Rocky foi a criação que deu a grande chance para carreira de Stallone, que, por sua vez, soube agarrá-la muito bem. O filme escrito pelo ator americano, mesmo que falhe em aspectos técnicos, têm suas qualidades ao trazer o boxe pro centro das atenções junto a uma ideologia compátivel com o imaginário hollywoodiano da época. Além disso, seu maior legado é justamente o protagonista que nomeia a saga e toda a inspiração acerca dela.
No entanto, depois do sucesso e o futuro em aberto do protagonista no final do filme, dificilmente a revanche contra Creed seria recusada em Hollywood. Ainda que não seja tão bem aclamado pela crítica, Rocky II (1979) se espelha nos moldes do primeiro filme e volta a desenvolver o espírito competitivo do lutador, ao mesmo tempo em que já aponta algumas mudanças de personalidade do personagem. Em Rocky lll (1982), Balboa já se assemelha com o Apollo do primeiro filme. Agora campeão mundial dos pesos-pesados, o Garanhão Italiano é mais convencido e Mick passa a escolher a dedos seus adversários, precisando que Clubber Lang (Mr. T) faça ele se lembrar de suas origens e de todo trabalho pesado que o colocou no topo do esporte.
Já Rocky IV (1985) serve de ferramenta ideológica na Guerra Fria.

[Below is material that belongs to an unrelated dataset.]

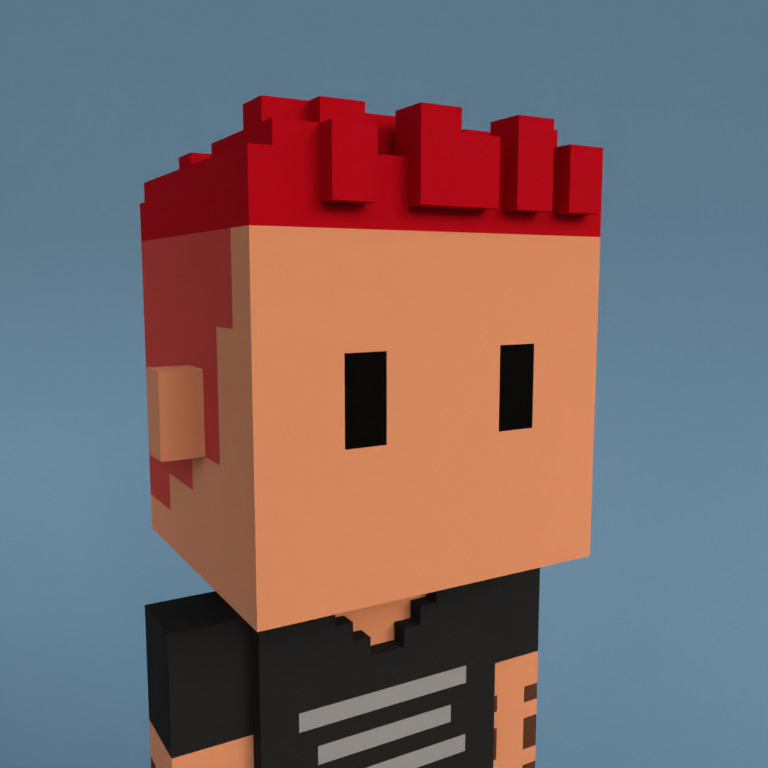 Meebit #3014 — Portrait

A morte de Apollo traz a dramaticidade à série e direciona toda a trama. Balboa deve vingar seu antigo amigo e rival dentro dos ringues contra um malvado comunista soviético, que parece ter matado Creed de propósito e sem piedade. O enredo deu tão certo que o filme arrecadou mais do que o próprio Rocky, de 1976.
Nos dois filmes seguintes, Rocky V (1990) e Rocky Balboa (2006), Stallone abusa de seu personagem de ouro e sua motivação escrevendo roteiros péssimos, forçando lutas completamente sem sentido como se tivesse pena de enfim aposentar o Garanhão Italiano. A morte de Adrian no último filme poderia oferecer uma oportunidade para Syl emplacar Rocky como um bom e complexo lutador aposentado, mas o ator-diretor preferiu por o cinquentão para apanhar mais um pouco, forçando um discurso motivacional. Em contrapartida, Ryan Coogler mostra em Creed (2015) o potencial de Balboa fora dos ringues que Stallone se recusou a aproveitar. Dessa forma, mesmo como coadjuvante, não é absurdo pensar que Rocky Balboa ainda tenha muito para lutar, mas fora dos ringues, é claro.